▶ **PROBLEM**: Transcribe exactly, and without pictures, only the lines from the one bearing "Any fees, discounts, or" through the final line of the data below.

▶ **DATASET SECTION**:
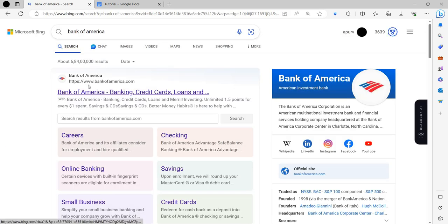So first of all we have to open our Bank of America here. We can see we have Bank of America. So I will open the official website.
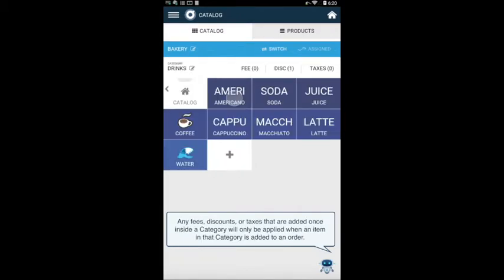Any fees, discounts, or taxes that are added once inside a category will only be applied when an item in that category is added to an order.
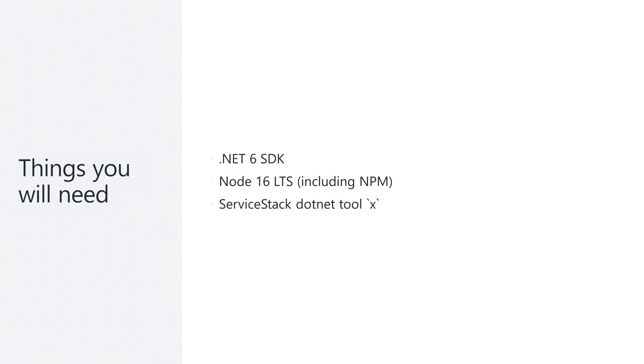To get started with this template we'll want to have a few things installed: the .NET 6 SDK, node 16 with npm, and the ServiceStack .NET X tool.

▶ **RESULT OF THIS EXERCISE**:
Any fees, discounts, or taxes that are added once inside a category will only be applied when an item in that category is added to an order.
To get started with this template we'll want to have a few things installed: the .NET 6 SDK, node 16 with npm, and the ServiceStack .NET X tool.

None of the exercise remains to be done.